Eric Kripke confirmed that this season will show the new order established by Homelander in the US at the end of the fourth season of The Boys, with the world "changing rapidly" under Homelander's command and his army of Supes. The season will set up the story of the fifth and final season of The Boys.

===Writing===
The big twist of the season was the revelation that Dean Cipher was a non-supe, named Doug Brightbill, that Thomas Godolkin was controlling. Showrunner Michele Fazekas said that if we look closely [at Cipher] we'd "be able to see it". They wanted to bring in a dean who was Supe, with unknown motivations, and discuss the university's past, which led to the Cipher and Thomas twist. Fazekas was worried that someone could guess the twist prior to the revelation. Ethan Slater said he barely knew about the twist and that it was only revealed to him that it would be "prominent in the last two episodes" and that it would be "kind of the big bad." He says he read the final episodes later and found out about the twist.

===Casting===

The second season features the return of the main cast, with the exception of Chance Perdomo, whose character Andre Anderson was not recast following Perdomo's death in March 2024 in a motorcycle accident. In June 2024, Hamish Linklater was announced in the role of Cipher, the new dean of Godolkin University. On November 1, 2024, Keeya King, Stephen Kalyn, Julia Knope, Stacey McGunnigle, Tait Fletcher, Wyatt Dorion and Georgie Murphy were set to appear in the season. In July 2025, at San Diego Comic-Con, it was revealed the cast of Ethan Slater as Thomas Godolkin in a recurring role. Chace Crawford, Valorie Curry, Erin Moriarty, Nathan Mitchell, Susan Heyward, Giancarlo Esposito, Olivia Morandin and Jessie T. Usher reprises their The Boys roles as Kevin Moskowitz / The Deep, Misty Tucker Gray / Firecracker, Annie January / Starlight, Black Noir II, Jessica "Sage" Bradley / Sister Sage, Stan Edgar, Zoe Neuman and Reggie Franklin / A-Train respectively.

===Filming===
In late March 2024, it was announced the production of the second season would be put on hold following Perdomo's death. The cast was due to begin table reads that afternoon before filming started in April. Filming of the season officially commenced in May 2024. Filming wrapped on October 31 of the same year.

== Marketing ==
Footage from the season was revealed at San Diego Comic-Con in July 2024. On May 31, 2025, part of the main cast attended CCXP, with a teaser shown and the release dates were revealed.
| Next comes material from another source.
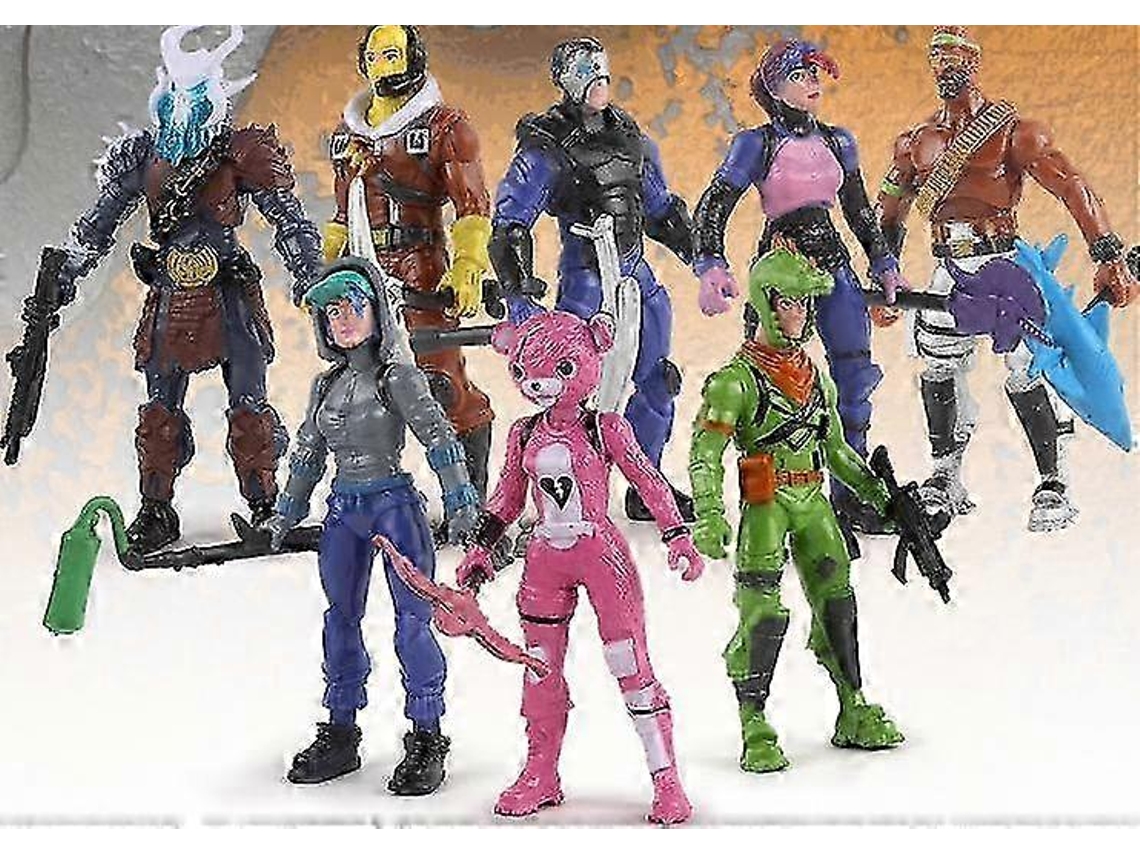 Conjunto De 8 Figuras Fortnite 9cm Presente De Natal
The main cast attended San Diego Comic-Con in July 2025 to promote the season.

== Release ==
The season was released on September 17, 2025, with three new episodes, followed by the rest debuting on a weekly basis until the season finale on October 22, 2025.

== Reception ==

The second season has an 91% approval rating on Rotten Tomatoes based on 94 critic reviews. The website's critics consensus states, "Tastefully navigating the tragic loss of Chance Perdomo while getting a big boost from Hamish Linklater's villainous turn, Gen Vs sophomore season gets high marks as a spinoff that feels essential." On Metacritic, the second season received a score of 74 out of 100 based on 15 critics, indicating "generally favorable".